WORK TASK:
Please produce an exact copy of only the lines from the one with "Alo Yoga Wellness" through the last one of the material, without pictures.

INPUT DATA Start Marker

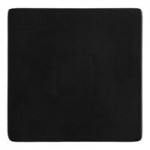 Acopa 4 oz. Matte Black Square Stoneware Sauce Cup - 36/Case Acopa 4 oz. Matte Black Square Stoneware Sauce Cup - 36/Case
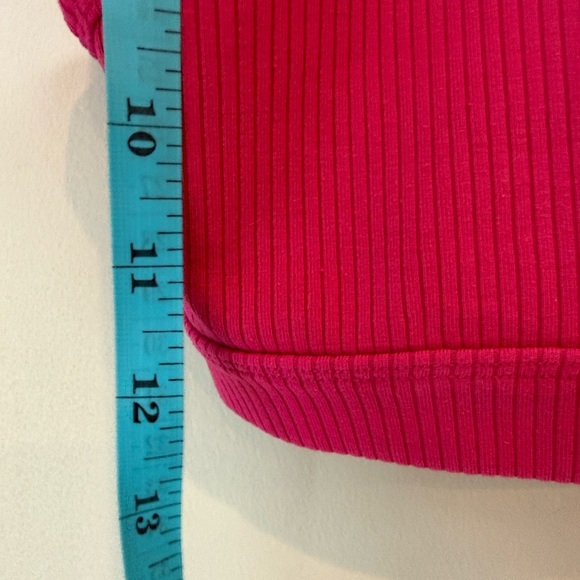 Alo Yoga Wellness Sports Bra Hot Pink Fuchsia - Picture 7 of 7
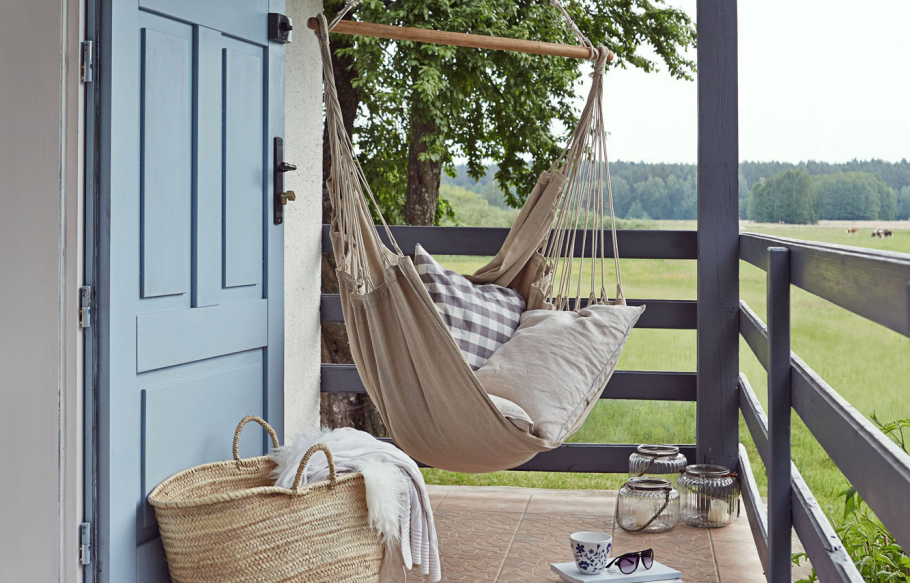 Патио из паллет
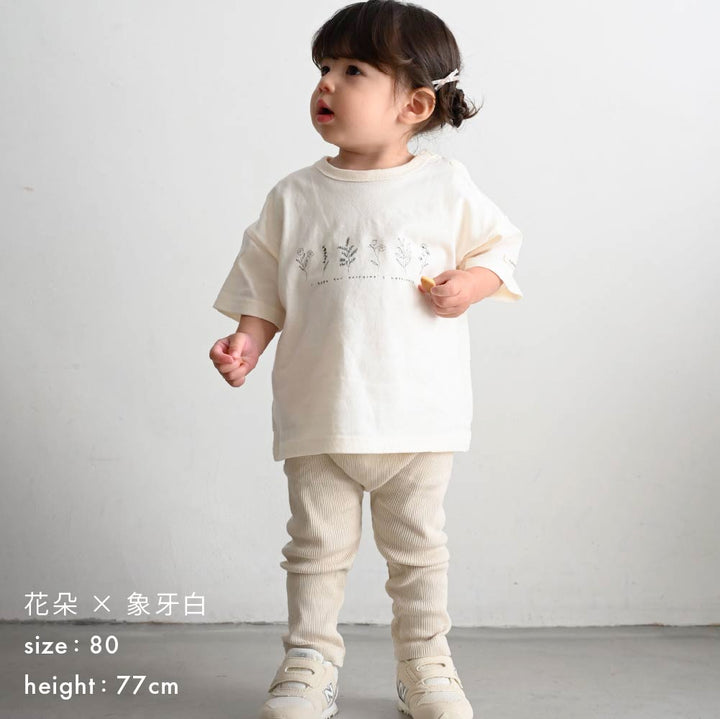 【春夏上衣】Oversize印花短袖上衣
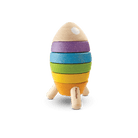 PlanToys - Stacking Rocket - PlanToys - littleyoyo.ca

INPUT DATA End Marker

SOLUTION TO THE PROBLEM:
 Alo Yoga Wellness Sports Bra Hot Pink Fuchsia - Picture 7 of 7
 Патио из паллет
 【春夏上衣】Oversize印花短袖上衣
 PlanToys - Stacking Rocket - PlanToys - littleyoyo.ca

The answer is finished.